(About this task)
First find the line with "Rumex crispus at Googong, NSW - 3 Jan 2018" in the entries below, then set down exactly every line through the line with "モルト♡Malt(Singa", that line included.

[Short web captions]
━━━━━━━━━━━━━━━━━━━━━━━━━━━━━━

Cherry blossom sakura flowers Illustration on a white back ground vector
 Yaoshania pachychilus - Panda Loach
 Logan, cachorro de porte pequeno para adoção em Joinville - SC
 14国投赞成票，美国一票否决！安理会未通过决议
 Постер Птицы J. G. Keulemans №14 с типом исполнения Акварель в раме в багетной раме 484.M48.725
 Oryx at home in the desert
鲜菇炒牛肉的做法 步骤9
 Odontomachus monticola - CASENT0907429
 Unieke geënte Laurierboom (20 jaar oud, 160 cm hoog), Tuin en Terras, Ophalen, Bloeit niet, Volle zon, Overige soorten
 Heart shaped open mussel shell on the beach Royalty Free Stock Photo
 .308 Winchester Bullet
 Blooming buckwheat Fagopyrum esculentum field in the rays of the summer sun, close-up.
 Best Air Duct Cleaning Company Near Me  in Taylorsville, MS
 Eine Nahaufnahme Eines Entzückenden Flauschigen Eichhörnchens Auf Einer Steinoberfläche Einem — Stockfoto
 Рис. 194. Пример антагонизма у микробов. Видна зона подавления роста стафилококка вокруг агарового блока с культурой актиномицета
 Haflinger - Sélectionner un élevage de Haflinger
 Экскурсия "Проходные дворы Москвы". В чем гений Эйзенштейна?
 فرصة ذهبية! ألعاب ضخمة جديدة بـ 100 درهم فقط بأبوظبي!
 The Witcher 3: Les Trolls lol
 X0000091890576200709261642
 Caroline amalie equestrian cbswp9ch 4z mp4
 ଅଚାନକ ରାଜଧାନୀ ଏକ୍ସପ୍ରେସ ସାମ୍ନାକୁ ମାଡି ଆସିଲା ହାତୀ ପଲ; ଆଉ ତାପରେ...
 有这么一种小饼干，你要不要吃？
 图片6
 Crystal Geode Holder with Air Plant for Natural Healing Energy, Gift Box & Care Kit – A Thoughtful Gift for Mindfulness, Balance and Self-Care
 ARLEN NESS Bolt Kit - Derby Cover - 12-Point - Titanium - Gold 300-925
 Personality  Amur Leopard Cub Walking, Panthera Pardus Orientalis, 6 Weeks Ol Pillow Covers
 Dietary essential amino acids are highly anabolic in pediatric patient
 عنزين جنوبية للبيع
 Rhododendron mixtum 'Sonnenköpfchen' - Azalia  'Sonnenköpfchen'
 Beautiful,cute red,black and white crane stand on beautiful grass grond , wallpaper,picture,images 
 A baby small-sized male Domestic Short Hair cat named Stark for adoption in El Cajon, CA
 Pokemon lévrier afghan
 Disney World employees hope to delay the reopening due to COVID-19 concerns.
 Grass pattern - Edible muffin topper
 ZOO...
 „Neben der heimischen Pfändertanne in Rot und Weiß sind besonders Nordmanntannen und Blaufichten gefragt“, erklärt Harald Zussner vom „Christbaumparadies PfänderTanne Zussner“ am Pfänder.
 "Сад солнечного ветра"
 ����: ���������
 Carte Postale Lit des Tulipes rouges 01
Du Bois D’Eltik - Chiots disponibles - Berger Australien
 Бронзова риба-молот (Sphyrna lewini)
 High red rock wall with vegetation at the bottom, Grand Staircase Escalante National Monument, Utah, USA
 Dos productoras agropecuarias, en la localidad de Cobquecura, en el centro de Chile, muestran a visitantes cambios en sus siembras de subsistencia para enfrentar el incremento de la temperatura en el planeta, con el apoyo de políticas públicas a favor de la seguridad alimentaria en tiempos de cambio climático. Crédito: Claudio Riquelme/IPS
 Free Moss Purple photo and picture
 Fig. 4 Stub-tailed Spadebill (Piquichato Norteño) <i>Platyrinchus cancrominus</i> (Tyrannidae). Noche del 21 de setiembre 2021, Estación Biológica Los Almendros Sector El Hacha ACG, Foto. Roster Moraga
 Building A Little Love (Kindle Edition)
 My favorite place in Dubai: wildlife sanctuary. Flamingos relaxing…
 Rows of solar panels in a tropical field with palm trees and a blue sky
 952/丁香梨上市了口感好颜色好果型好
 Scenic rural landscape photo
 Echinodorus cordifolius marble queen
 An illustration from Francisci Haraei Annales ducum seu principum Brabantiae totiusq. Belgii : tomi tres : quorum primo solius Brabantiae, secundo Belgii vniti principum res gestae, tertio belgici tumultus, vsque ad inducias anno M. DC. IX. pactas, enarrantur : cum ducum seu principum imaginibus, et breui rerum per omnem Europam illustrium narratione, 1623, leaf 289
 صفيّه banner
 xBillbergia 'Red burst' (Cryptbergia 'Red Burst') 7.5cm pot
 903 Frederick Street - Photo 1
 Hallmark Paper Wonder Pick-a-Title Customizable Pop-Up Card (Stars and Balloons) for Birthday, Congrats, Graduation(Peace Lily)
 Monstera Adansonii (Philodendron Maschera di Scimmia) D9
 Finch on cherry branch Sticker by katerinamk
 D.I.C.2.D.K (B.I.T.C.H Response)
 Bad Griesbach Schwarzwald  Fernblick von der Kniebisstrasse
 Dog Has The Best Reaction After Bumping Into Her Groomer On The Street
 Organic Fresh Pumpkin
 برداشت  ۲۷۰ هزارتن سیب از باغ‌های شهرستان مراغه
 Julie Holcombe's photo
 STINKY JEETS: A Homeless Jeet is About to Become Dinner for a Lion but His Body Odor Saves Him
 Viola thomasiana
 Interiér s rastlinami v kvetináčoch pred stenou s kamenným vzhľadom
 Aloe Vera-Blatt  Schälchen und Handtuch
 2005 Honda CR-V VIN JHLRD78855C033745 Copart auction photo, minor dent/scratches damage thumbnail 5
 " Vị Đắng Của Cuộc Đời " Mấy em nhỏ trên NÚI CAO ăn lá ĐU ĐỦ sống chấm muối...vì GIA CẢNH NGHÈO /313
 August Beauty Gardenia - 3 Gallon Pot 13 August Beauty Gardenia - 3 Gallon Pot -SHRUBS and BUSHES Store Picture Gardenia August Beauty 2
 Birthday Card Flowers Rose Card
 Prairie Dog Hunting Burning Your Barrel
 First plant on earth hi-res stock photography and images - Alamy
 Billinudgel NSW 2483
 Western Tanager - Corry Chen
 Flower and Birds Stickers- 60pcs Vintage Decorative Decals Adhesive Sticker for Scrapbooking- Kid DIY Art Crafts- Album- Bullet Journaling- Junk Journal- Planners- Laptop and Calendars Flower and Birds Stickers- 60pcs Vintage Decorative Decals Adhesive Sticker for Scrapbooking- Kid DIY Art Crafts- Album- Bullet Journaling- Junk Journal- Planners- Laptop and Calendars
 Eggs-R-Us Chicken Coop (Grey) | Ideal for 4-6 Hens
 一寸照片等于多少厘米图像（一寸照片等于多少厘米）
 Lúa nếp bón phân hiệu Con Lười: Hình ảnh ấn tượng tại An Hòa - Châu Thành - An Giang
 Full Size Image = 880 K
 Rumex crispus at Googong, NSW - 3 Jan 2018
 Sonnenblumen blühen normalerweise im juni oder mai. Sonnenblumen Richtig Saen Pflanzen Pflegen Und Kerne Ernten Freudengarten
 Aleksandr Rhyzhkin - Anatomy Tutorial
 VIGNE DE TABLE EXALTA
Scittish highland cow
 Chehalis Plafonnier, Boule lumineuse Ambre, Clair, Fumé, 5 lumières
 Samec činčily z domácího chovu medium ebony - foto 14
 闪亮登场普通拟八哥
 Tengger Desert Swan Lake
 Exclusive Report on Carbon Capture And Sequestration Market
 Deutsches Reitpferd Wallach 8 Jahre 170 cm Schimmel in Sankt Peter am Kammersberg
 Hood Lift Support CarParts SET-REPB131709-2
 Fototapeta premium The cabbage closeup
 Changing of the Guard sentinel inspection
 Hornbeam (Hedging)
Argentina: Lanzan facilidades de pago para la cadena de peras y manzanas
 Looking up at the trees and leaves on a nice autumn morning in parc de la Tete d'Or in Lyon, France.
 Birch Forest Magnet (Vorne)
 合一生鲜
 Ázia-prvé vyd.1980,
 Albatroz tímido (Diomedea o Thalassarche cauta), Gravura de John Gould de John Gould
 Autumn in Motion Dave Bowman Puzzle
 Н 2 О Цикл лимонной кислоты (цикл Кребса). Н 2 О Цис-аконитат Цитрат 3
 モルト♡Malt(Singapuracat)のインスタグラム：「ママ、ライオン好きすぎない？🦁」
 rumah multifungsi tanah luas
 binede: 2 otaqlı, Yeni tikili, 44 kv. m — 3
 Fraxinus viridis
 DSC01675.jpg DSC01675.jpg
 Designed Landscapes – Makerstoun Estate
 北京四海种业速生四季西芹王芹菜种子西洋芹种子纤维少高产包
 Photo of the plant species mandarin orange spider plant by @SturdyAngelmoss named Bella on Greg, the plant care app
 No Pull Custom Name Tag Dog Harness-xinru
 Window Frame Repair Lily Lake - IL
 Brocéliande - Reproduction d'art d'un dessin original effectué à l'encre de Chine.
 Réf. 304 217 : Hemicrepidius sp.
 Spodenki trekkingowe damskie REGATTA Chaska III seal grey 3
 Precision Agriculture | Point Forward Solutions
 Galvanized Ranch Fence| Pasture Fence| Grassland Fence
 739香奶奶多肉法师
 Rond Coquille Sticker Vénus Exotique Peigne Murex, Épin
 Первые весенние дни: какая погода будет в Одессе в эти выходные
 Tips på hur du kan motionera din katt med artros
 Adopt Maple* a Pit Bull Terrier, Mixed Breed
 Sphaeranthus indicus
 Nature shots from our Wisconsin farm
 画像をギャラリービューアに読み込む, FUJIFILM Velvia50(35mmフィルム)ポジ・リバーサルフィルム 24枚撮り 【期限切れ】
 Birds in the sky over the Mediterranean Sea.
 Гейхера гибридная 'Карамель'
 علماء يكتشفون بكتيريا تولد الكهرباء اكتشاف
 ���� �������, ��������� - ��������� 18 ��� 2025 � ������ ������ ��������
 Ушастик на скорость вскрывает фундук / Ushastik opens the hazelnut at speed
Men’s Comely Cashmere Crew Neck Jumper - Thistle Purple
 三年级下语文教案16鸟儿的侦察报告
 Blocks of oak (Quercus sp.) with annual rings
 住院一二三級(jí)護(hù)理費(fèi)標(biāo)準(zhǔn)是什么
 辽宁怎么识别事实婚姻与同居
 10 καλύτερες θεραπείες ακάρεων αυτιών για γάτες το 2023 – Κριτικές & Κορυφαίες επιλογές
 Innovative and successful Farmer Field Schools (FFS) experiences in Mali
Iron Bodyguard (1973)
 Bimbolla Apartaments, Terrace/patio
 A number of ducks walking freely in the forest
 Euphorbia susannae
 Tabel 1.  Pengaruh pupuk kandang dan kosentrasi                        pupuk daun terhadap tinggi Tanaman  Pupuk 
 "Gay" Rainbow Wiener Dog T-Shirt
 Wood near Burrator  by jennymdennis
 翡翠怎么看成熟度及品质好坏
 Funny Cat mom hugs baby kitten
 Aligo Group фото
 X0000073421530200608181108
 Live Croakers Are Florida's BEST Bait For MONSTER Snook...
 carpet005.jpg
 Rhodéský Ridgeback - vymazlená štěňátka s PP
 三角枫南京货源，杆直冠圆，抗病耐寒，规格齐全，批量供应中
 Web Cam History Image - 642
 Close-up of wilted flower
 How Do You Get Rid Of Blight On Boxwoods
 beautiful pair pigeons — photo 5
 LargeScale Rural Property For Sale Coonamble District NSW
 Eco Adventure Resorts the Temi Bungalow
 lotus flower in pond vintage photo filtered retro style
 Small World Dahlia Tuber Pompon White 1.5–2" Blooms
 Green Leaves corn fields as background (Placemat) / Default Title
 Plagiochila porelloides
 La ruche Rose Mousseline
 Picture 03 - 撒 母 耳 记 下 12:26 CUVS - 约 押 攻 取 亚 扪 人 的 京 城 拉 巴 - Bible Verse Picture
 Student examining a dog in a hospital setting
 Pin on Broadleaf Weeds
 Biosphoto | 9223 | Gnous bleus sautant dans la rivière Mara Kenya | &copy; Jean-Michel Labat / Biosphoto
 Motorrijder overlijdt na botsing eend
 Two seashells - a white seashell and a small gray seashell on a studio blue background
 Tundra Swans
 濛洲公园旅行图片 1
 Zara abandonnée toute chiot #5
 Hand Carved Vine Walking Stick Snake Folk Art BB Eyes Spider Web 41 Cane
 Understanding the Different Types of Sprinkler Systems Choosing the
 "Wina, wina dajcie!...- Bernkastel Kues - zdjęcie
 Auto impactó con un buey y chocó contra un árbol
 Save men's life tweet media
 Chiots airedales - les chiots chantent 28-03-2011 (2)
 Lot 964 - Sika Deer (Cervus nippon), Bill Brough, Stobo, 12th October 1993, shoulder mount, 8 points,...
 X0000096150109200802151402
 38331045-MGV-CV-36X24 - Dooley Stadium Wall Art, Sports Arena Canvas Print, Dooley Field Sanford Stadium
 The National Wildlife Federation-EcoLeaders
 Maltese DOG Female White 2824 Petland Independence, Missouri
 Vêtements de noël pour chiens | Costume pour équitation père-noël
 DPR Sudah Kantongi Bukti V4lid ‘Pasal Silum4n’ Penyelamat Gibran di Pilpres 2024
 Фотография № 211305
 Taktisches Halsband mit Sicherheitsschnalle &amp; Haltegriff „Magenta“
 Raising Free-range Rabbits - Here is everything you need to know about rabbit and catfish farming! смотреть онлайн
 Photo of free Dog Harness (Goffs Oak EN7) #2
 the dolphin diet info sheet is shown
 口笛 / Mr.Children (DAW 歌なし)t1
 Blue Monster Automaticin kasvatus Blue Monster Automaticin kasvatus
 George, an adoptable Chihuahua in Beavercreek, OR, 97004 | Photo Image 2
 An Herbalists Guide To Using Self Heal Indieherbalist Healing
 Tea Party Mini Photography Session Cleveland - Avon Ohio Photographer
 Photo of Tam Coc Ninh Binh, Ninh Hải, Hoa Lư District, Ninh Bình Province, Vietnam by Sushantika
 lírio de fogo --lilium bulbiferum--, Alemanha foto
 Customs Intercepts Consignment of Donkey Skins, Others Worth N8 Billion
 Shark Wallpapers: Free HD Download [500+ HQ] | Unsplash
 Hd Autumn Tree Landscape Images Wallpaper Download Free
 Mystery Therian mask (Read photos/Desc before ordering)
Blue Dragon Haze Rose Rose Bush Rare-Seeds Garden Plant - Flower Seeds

━━━━━━━━━━━━━━━━━━━━━━━━━━━━━━

(Exercise result)
 Rumex crispus at Googong, NSW - 3 Jan 2018
 Sonnenblumen blühen normalerweise im juni oder mai. Sonnenblumen Richtig Saen Pflanzen Pflegen Und Kerne Ernten Freudengarten
 Aleksandr Rhyzhkin - Anatomy Tutorial
 VIGNE DE TABLE EXALTA
Scittish highland cow
 Chehalis Plafonnier, Boule lumineuse Ambre, Clair, Fumé, 5 lumières
 Samec činčily z domácího chovu medium ebony - foto 14
 闪亮登场普通拟八哥
 Tengger Desert Swan Lake
 Exclusive Report on Carbon Capture And Sequestration Market
 Deutsches Reitpferd Wallach 8 Jahre 170 cm Schimmel in Sankt Peter am Kammersberg
 Hood Lift Support CarParts SET-REPB131709-2
 Fototapeta premium The cabbage closeup
 Changing of the Guard sentinel inspection
 Hornbeam (Hedging)
Argentina: Lanzan facilidades de pago para la cadena de peras y manzanas
 Looking up at the trees and leaves on a nice autumn morning in parc de la Tete d'Or in Lyon, France.
 Birch Forest Magnet (Vorne)
 合一生鲜
 Ázia-prvé vyd.1980,
 Albatroz tímido (Diomedea o Thalassarche cauta), Gravura de John Gould de John Gould
 Autumn in Motion Dave Bowman Puzzle
 Н 2 О Цикл лимонной кислоты (цикл Кребса). Н 2 О Цис-аконитат Цитрат 3
 モルト♡Malt(Singapuracat)のインスタグラム：「ママ、ライオン好きすぎない？🦁」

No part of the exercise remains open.